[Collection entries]

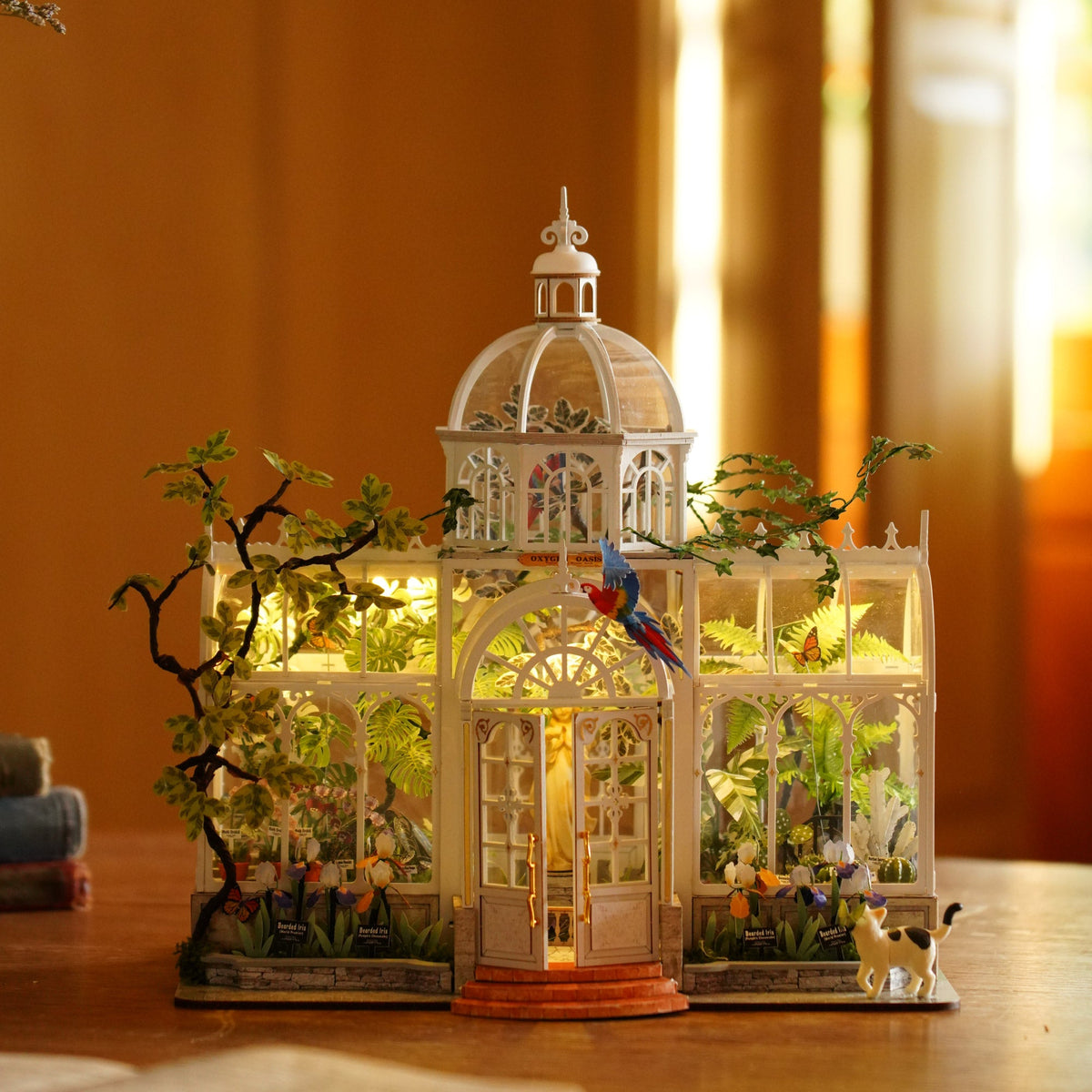 Oxygen Oasis Miniature House Kit official detail view 11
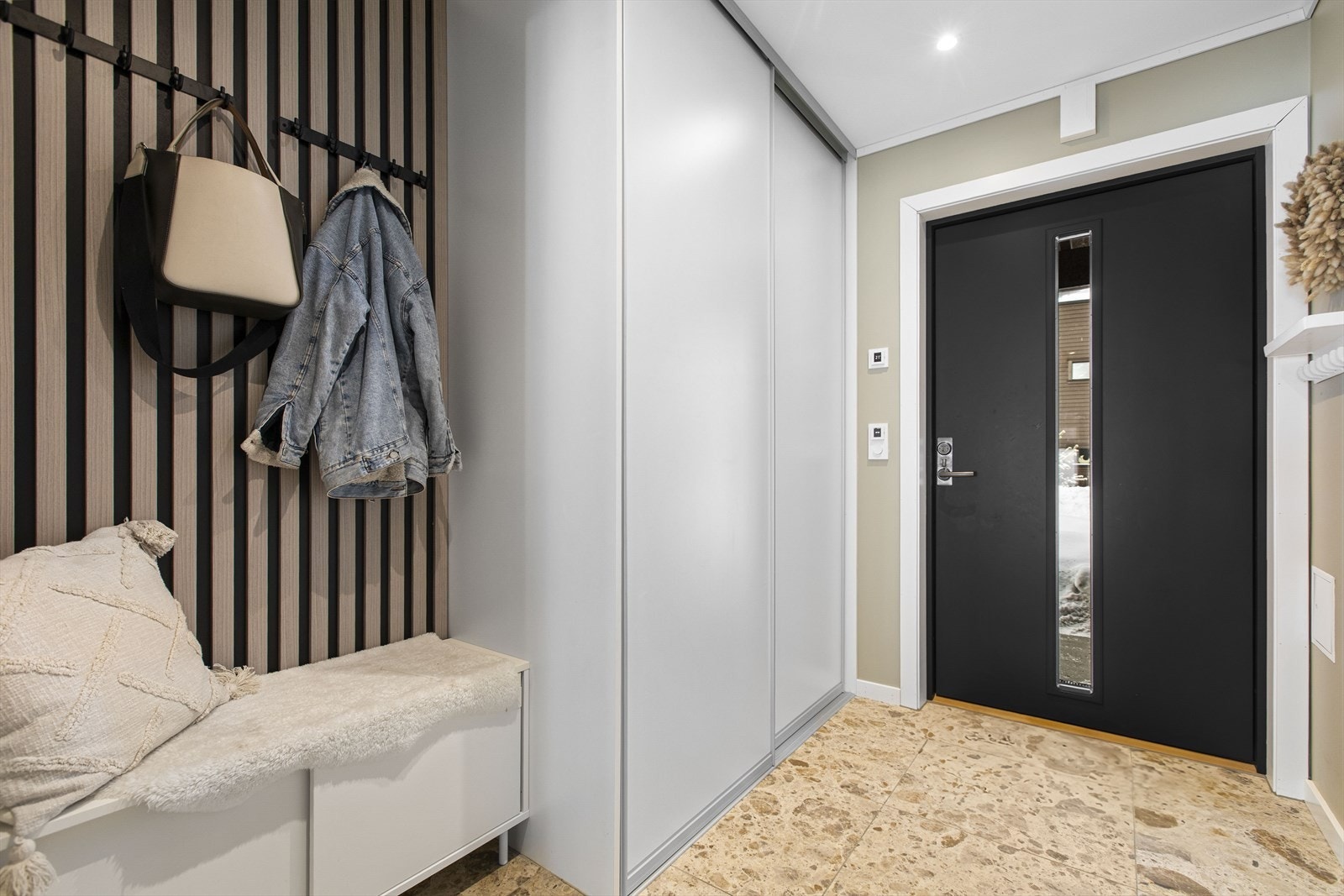 Velkommen inn i en innbydende entré med god plass til oppbevaring av yttertøy. Galleribilde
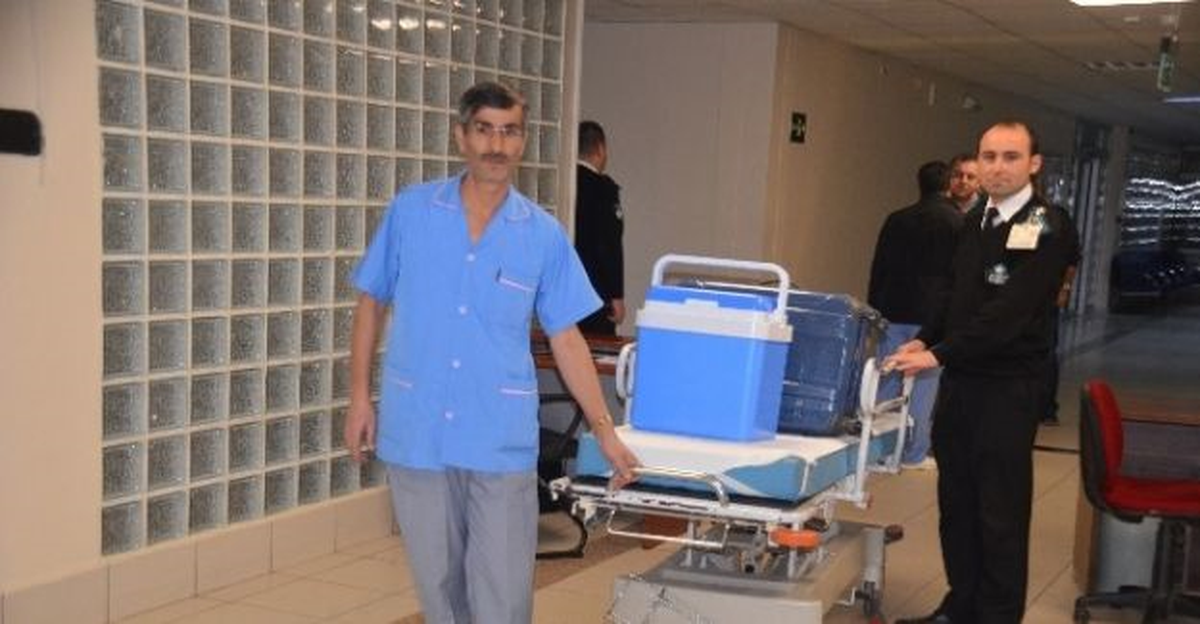 Böbrek Beklerken Karaciğeriyle Hayat Verecek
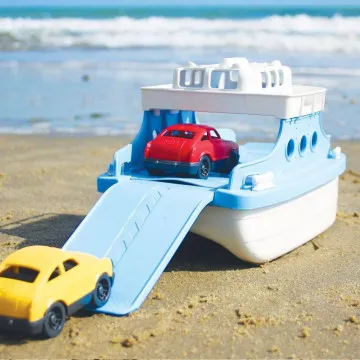 Ukrcaj autića preko rampe na Green Toys brod igračku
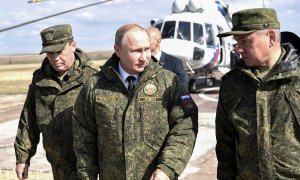 El presidente ruso Vladimir Putin (C), el ministro de Defensa ruso Sergey Shoygu (R) y el jefe ruso del Estado Mayor General de las Fuerzas Armadas, y el primer viceministro de Defensa Valery Gerasimov, llegan para supervisar ejercicios militares en el ca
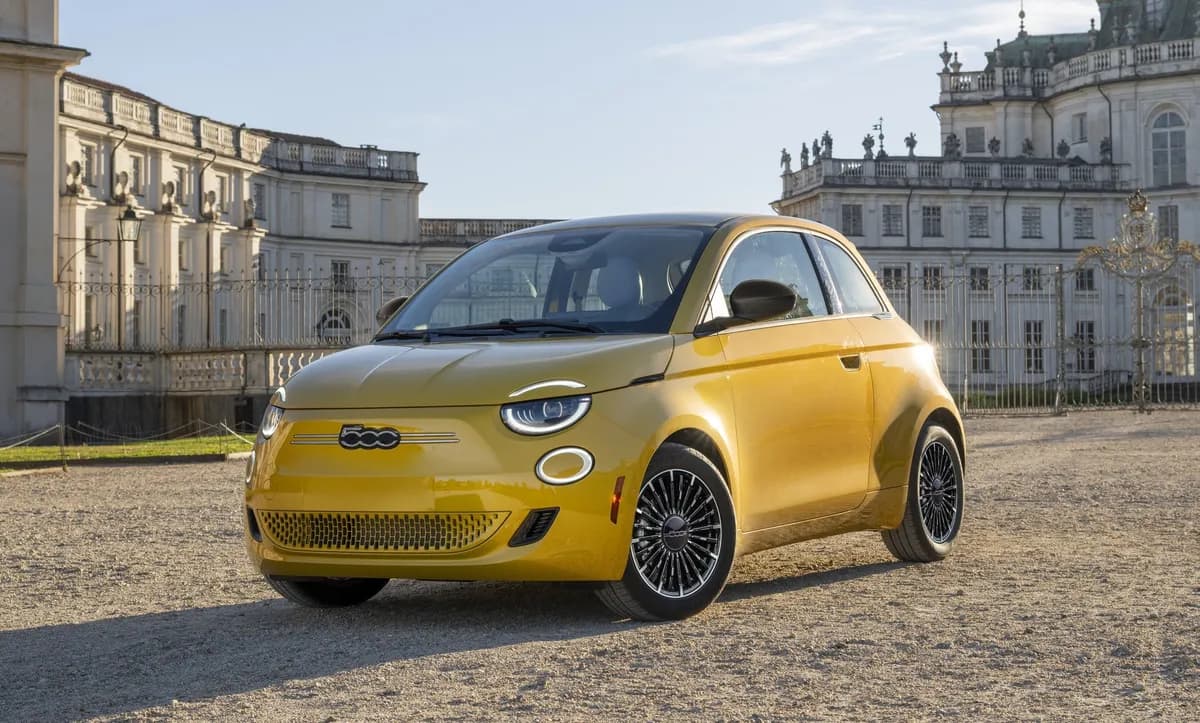 2026 FIAT 500e - Image 5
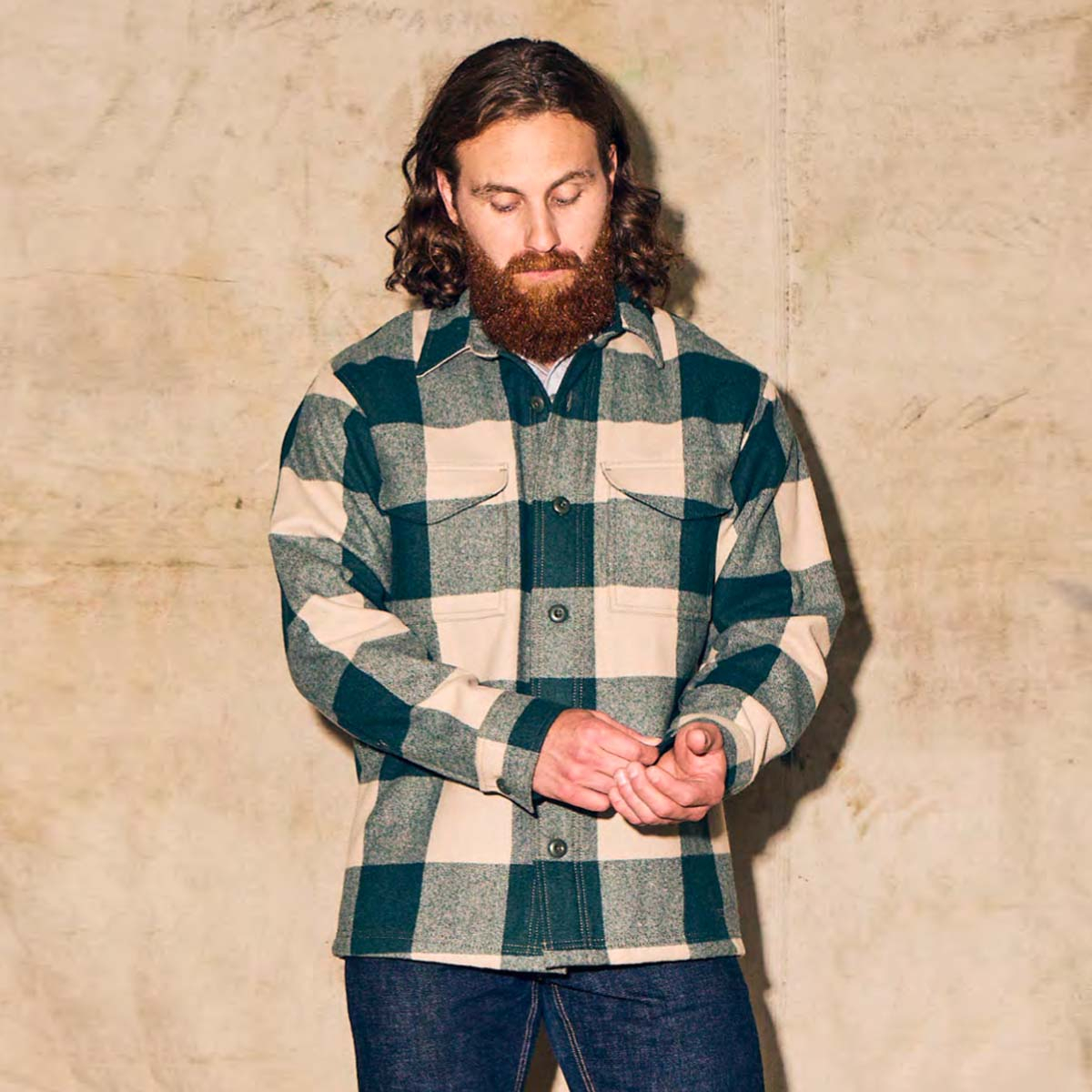 Filson Wool Jac-Shirt Pine/Beige Check, een overshirt, isolerende laag of licht jack–het presteert zonder falen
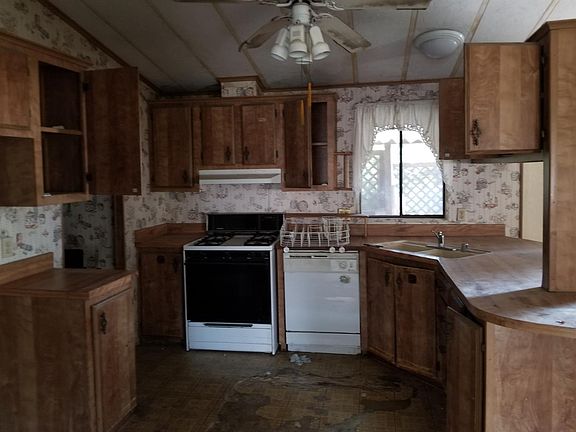 4th image of 2533 W McKinley Ave Spc 312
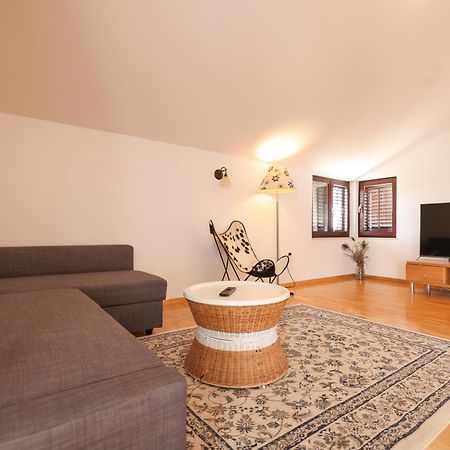 Apartments And A Room Ina ซาดาร์ ภายนอก รูปภาพ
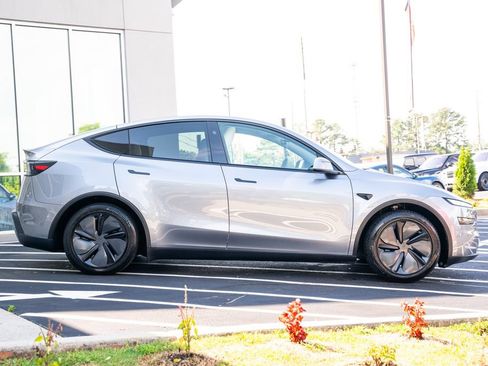 Used 2026 Tesla Model Y Long Range AWD/4WD image 10
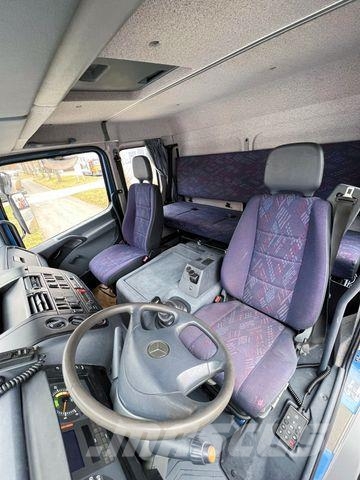 Mercedes-Benz ATEGO 818 - Pritsche - Kran - 137 TKm Camiones grúa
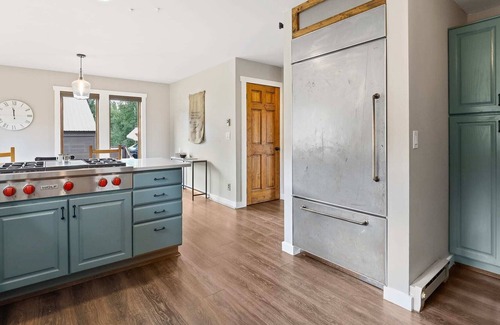 Summit Cove House | 4 BDR Getaway Near Golf Course w/ Mountain Views!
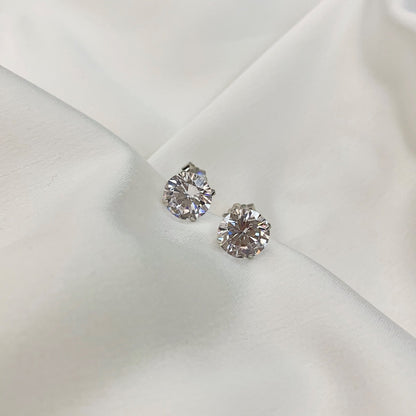 [Everoly JW]スタイリッシュな光沢のあるラウンドセンターストーンスタッドピアス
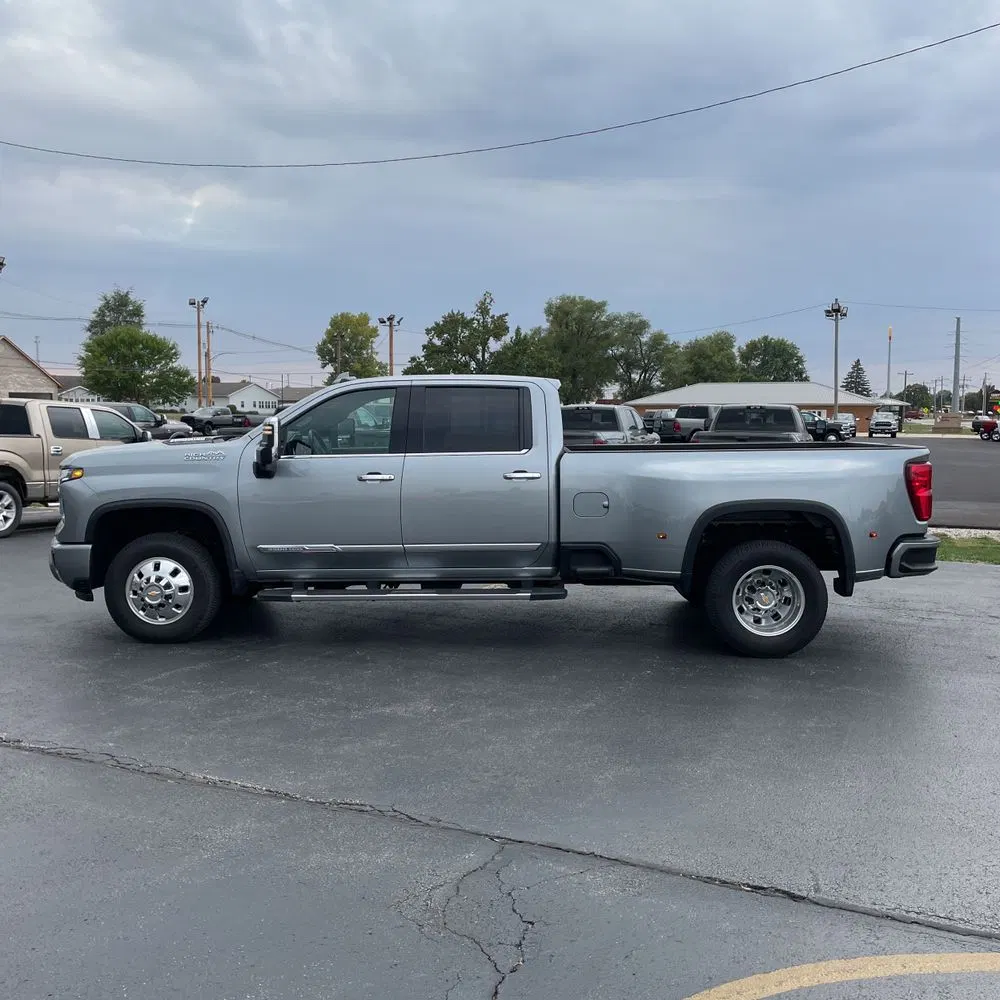 2024 Chevrolet Silverado 3500HD High Country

> _Goal of the exercise_: Could you output exactly the lines above, from the line with "Böbrek Beklerken Karaciğeriyle Hayat Verecek" up to and including the line with "2026 FIAT 500e - Image 5", and nothing else, skipping the pictures?

> _Answer to the problem_:
 Böbrek Beklerken Karaciğeriyle Hayat Verecek
 Ukrcaj autića preko rampe na Green Toys brod igračku
 El presidente ruso Vladimir Putin (C), el ministro de Defensa ruso Sergey Shoygu (R) y el jefe ruso del Estado Mayor General de las Fuerzas Armadas, y el primer viceministro de Defensa Valery Gerasimov, llegan para supervisar ejercicios militares en el ca
 2026 FIAT 500e - Image 5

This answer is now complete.